See above.  "Remove" (comment out or don't
include in your loading loop) only files that
you need explicitly to load, not files that get
loaded by those files.  Your loop should do that

E.g., if a.el requires b.el and nothing requires
a.el then your loop should load a, not both a
and b.  Removing something from your loop should
not cause a problem.

> It can still be done obviously, only it takes
> a lot of time and isn't mechanical work.

Maybe so.  It should be _somewhat_ mechanical,
but yes, it requires some thought too.

Believe me, I know it can be less simple than
its abstract description.  And it can definitely
seem slow in the beginning - especially because
you have to start Emacs anew at each iteration,
and those first iterations can be long (loading
and initializing lots of stuff).

But just remember that guy who negotiated the
deal to double the number of rice grains on
consecutive chessboard squares...  Payoff comes
big and quick after several iterations.

What's the alternative?  Trying to reason about
all of your code at once?  Trying to guess what
you might have changed recently that introduced
a new problem?  Tweaking this or that, based on
some intuition?

You can use a debugger (e.g. gdb), of course.
But it can make sense to first narrow things
down a bit, _before_ jumping into a debugger.

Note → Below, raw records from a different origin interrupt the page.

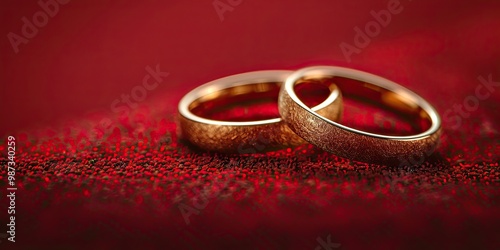 full focued two wedding golden rings on the right of the red background, space for text, his and her ring photo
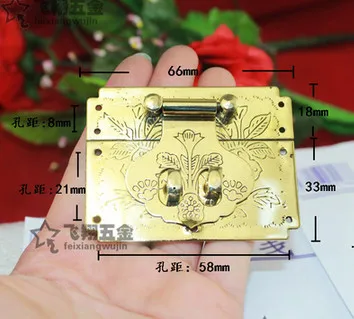 Металлические аксессуары 66 мм * 51 латунная пряжка замок Коробка для карт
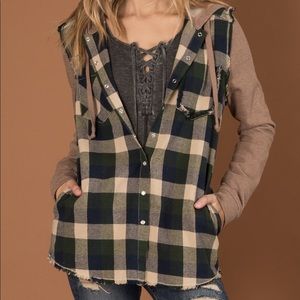 Paired Cream Shirt and Flannel Jacket.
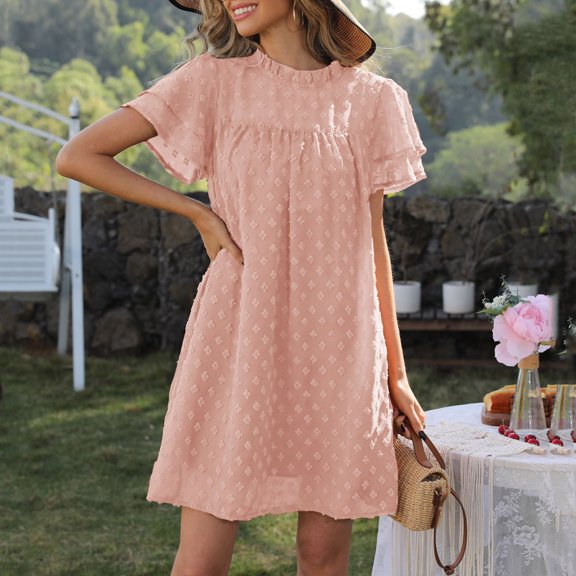 Lilgiuy Summer Sales Fashion Women Casual Loose Solid Mesh Turtleneck Short Sleeve Long Dress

> > My init file and the many files it loads are
> > likely more ugly and convoluted than yours
> > (and no, I'm not proud/bragging about that).
> > But binary search still helps and is not
> > that hard.
> If by "convoluted" you mean interconnected
> (provide/require) then do tell how you do it.
> Commenting out stuff until many files are
> virtually empty but still provide/require
> each other?
> Anyway I start this now... Now, all we need is
> a little Energon and a lot of luck.

Good luck.  And thanks for contributing your
bug report (when it comes), to improve Emacs.